-- What to do --
For the lines from the one with "Stylizedd Rugged Black" to the end of the listing below, both ends included, give an exact copy and nothing more. Do not copy pictures.

-- Information shown --

★ ★ ★ ★ ★

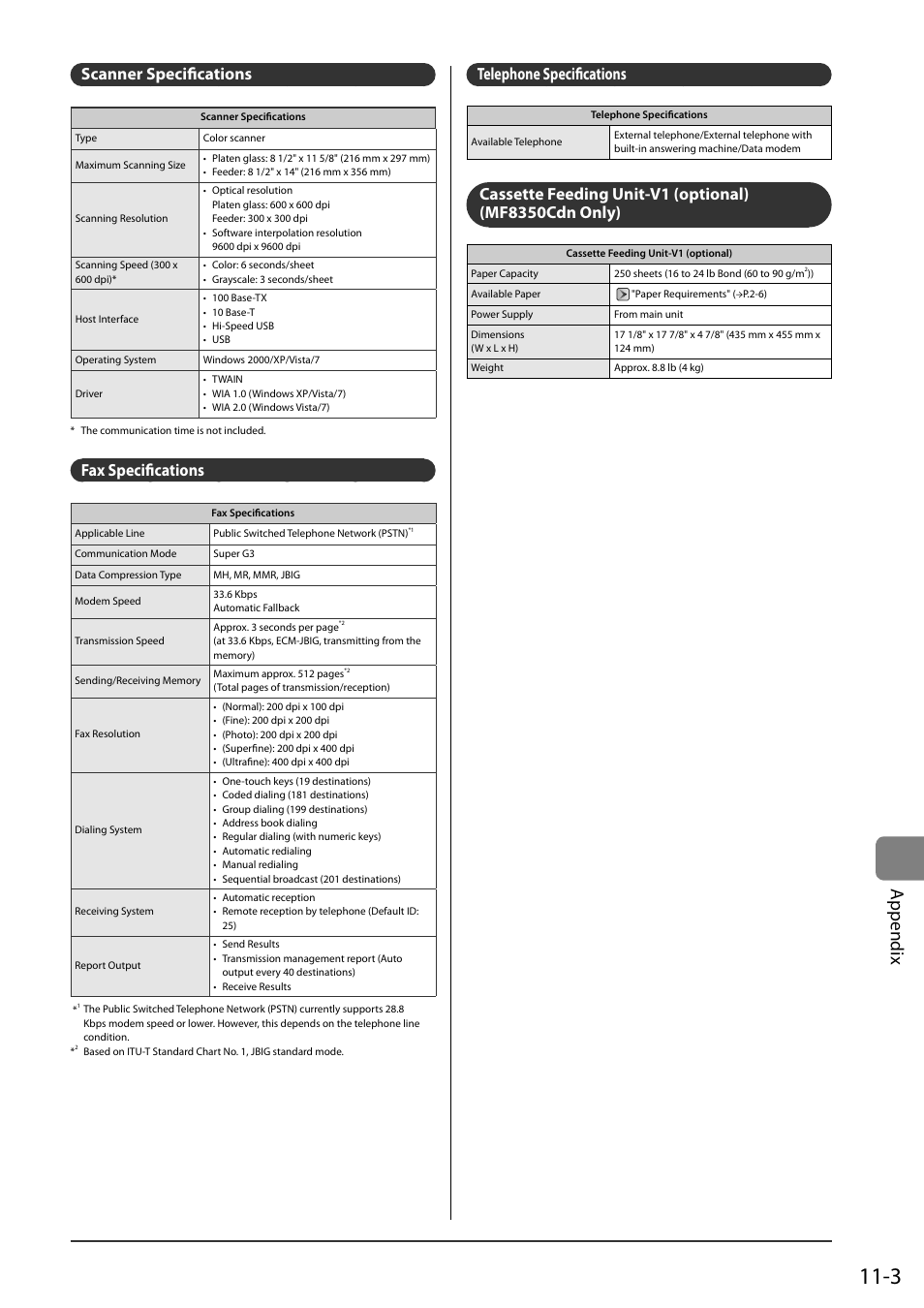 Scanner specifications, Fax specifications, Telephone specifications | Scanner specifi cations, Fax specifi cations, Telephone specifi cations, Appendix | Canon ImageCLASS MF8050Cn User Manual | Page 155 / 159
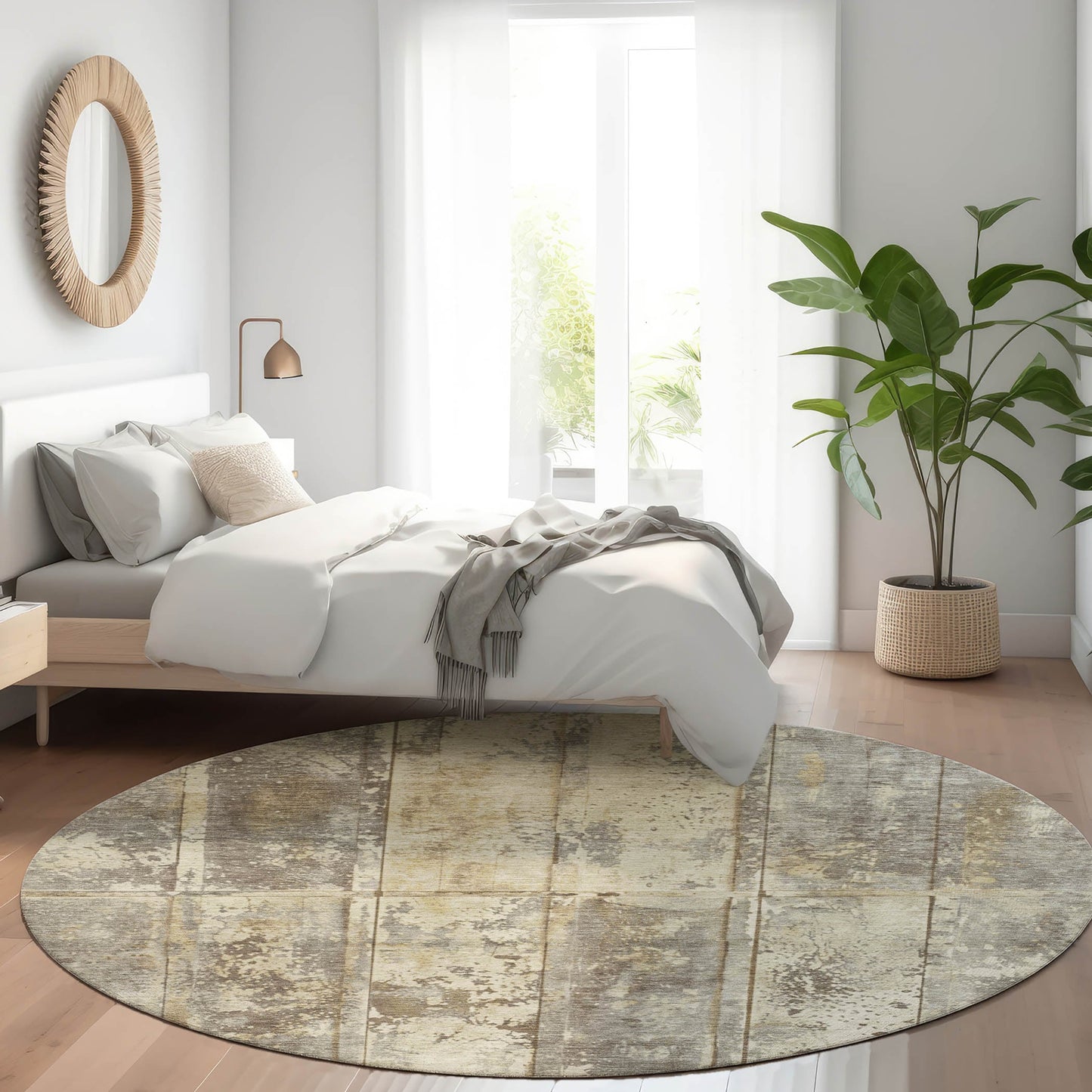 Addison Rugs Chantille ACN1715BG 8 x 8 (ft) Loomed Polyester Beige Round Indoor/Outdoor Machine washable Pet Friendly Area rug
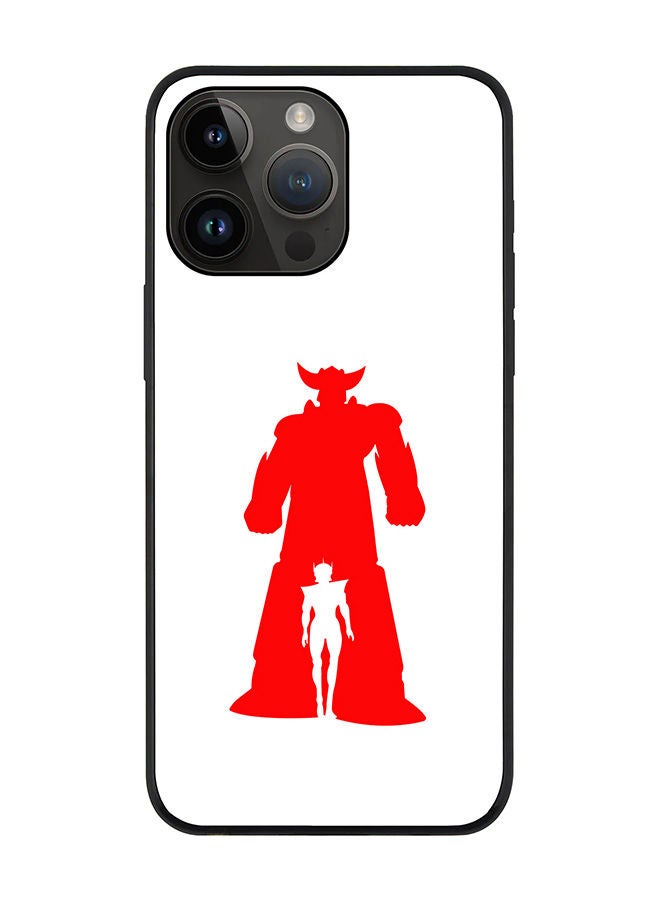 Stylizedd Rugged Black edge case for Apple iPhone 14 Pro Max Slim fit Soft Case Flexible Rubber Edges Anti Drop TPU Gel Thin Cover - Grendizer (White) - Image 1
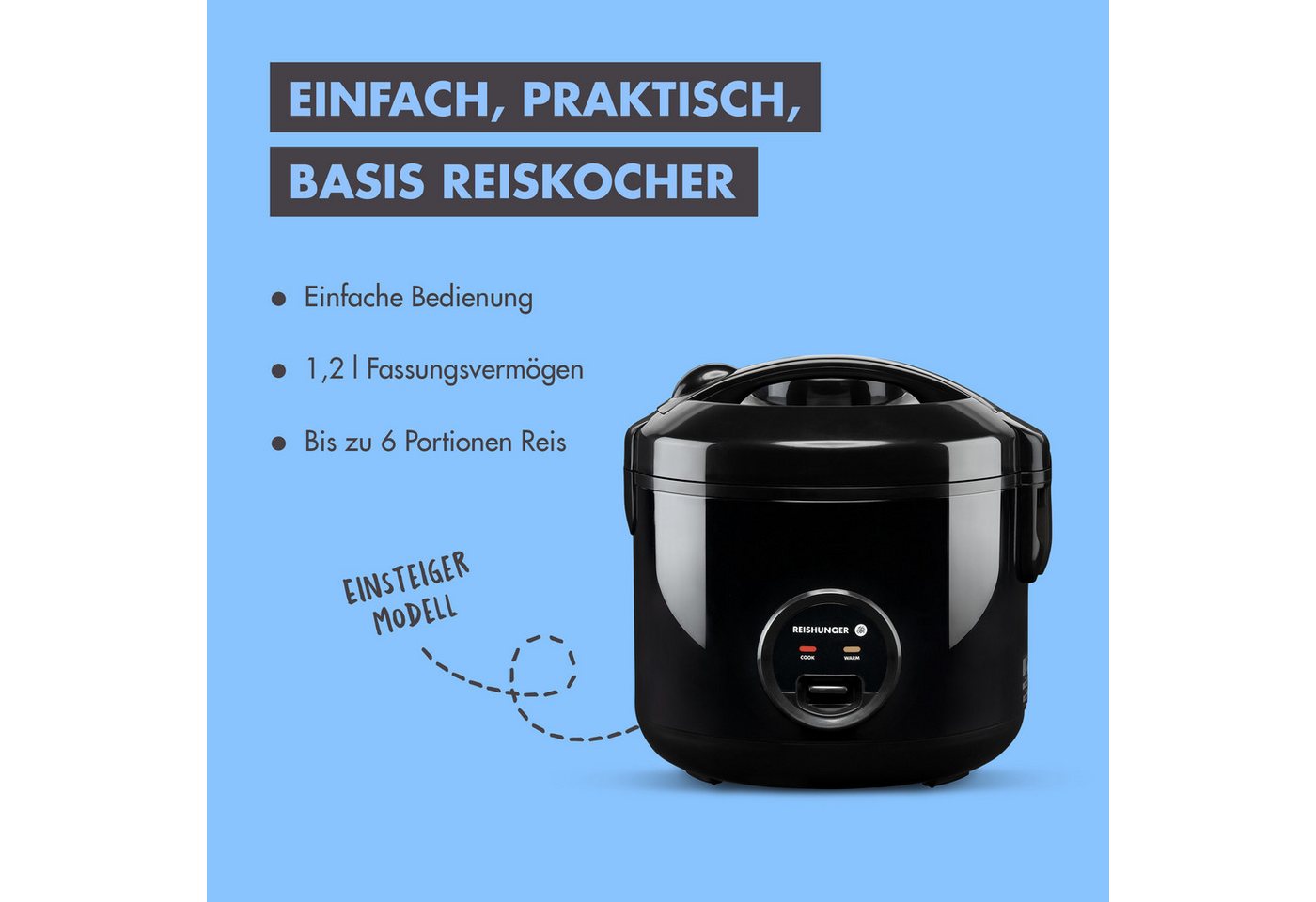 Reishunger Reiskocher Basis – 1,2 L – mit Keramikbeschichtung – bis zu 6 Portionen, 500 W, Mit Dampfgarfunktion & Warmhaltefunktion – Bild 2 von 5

★ ★ ★ ★ ★

-- Finished task --
 Stylizedd Rugged Black edge case for Apple iPhone 14 Pro Max Slim fit Soft Case Flexible Rubber Edges Anti Drop TPU Gel Thin Cover - Grendizer (White) - Image 1
 Reishunger Reiskocher Basis – 1,2 L – mit Keramikbeschichtung – bis zu 6 Portionen, 500 W, Mit Dampfgarfunktion & Warmhaltefunktion – Bild 2 von 5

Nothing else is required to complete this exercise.